OpenZL: Using Graphs to Compress Smaller and Faster

2026-05-11Information Retrieval

Information RetrievalDatabases
AI summary

The authors explain that while recent research has improved lossless data compression, these methods are often too slow and resource-heavy for real-world use. They introduce a new approach called the "graph model" of compression, which organizes compression processes as a network of simple building blocks called codecs. Their system, OpenZL, can quickly create specialized compressors that work well on specific types of data while remaining easy to develop and maintain. Tests show OpenZL is faster and sometimes more effective than existing compressors, and it has already improved compression tasks internally at Meta, saving development time.

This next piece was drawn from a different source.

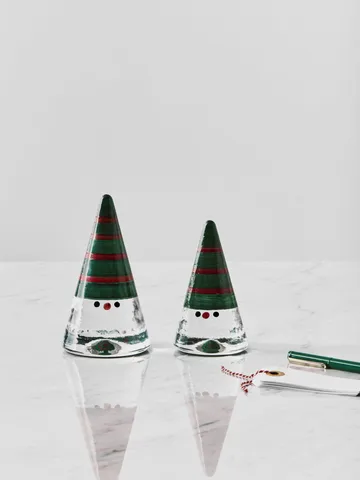 Noel skrzat - Zielony, 11,5 cm - Kosta Boda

lossless compressionthroughputapplication-specific compressorsdirected acyclic graphcodecsself-describing wire formatOpenZLdeep learning compressorsdata-intensive applicationscompression ratio
Authors
Yann Collet, Nick Terrell, W. Felix Handte, Danielle Rozenblit, Victor Zhang, Kevin Zhang, Yaelle Goldschlag, Jennifer Lee, Elliot Gorokhovsky, Yonatan Komornik, Daniel Riegel, Stan Angelov, Nadav Rotem
Abstract
In the last few decades, research techniques have improved lossless compression ratios by significantly increasing processing time. However, these techniques have not gained popularity in industry because production systems require high throughput and low resource utilization. Instead, real world improvements in compression are increasingly realized by building application-specific compressors which can exploit knowledge about the structure and semantics of the data being compressed. Application-specific compressor systems outperform even the best generic compressors, but these techniques have severe drawbacks -- they are inherently limited in applicability, are hard to develop, and are difficult to maintain and deploy. In this work, we show that these challenges can be overcome with a new compression strategy. We propose the "graph model" of compression, a new theoretical framework for representing compression as a directed acyclic graph of modular codecs. OpenZL implements this framework and compresses data into a self-describing wire format, any configuration of which can be decompressed by a universal decoder. OpenZL's design enables rapid development of application-specific compressors with minimal code. Experimental results demonstrate that OpenZL achieves superior compression ratios and speeds compared to state-of-the-art general-purpose compressors on a variety of real-world datasets. Compared to ratio-focused deep-learning compressors, OpenZL is competitive on ratio while being many orders of magnitude faster. Internal deployments at Meta have also shown consistent improvements in size and/or speed, with development timelines reduced from months to days. OpenZL thus represents a significant advance in practical, scalable, and maintainable data compression for modern data-intensive applications.